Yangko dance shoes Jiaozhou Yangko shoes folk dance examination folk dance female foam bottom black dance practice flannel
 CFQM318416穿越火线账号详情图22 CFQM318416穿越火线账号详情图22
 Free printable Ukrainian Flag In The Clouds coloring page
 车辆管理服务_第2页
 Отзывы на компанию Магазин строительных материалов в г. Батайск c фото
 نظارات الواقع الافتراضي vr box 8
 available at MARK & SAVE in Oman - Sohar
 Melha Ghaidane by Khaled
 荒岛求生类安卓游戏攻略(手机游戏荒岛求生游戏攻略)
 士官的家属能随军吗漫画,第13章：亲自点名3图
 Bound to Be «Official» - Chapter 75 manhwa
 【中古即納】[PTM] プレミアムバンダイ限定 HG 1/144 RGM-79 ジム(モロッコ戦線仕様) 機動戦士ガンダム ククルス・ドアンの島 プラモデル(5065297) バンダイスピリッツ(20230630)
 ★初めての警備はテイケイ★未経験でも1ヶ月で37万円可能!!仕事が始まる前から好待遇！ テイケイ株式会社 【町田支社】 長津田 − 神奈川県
▬▬▬▬▬▬▬▬▬▬
All records above must be set down exactly, please.

Yangko dance shoes Jiaozhou Yangko shoes folk dance examination folk dance female foam bottom black dance practice flannel
 CFQM318416穿越火线账号详情图22 CFQM318416穿越火线账号详情图22
 Free printable Ukrainian Flag In The Clouds coloring page
 车辆管理服务_第2页
 Отзывы на компанию Магазин строительных материалов в г. Батайск c фото
 نظارات الواقع الافتراضي vr box 8
 available at MARK & SAVE in Oman - Sohar
 Melha Ghaidane by Khaled
 荒岛求生类安卓游戏攻略(手机游戏荒岛求生游戏攻略)
 士官的家属能随军吗漫画,第13章：亲自点名3图
 Bound to Be «Official» - Chapter 75 manhwa
 【中古即納】[PTM] プレミアムバンダイ限定 HG 1/144 RGM-79 ジム(モロッコ戦線仕様) 機動戦士ガンダム ククルス・ドアンの島 プラモデル(5065297) バンダイスピリッツ(20230630)
 ★初めての警備はテイケイ★未経験でも1ヶ月で37万円可能!!仕事が始まる前から好待遇！ テイケイ株式会社 【町田支社】 長津田 − 神奈川県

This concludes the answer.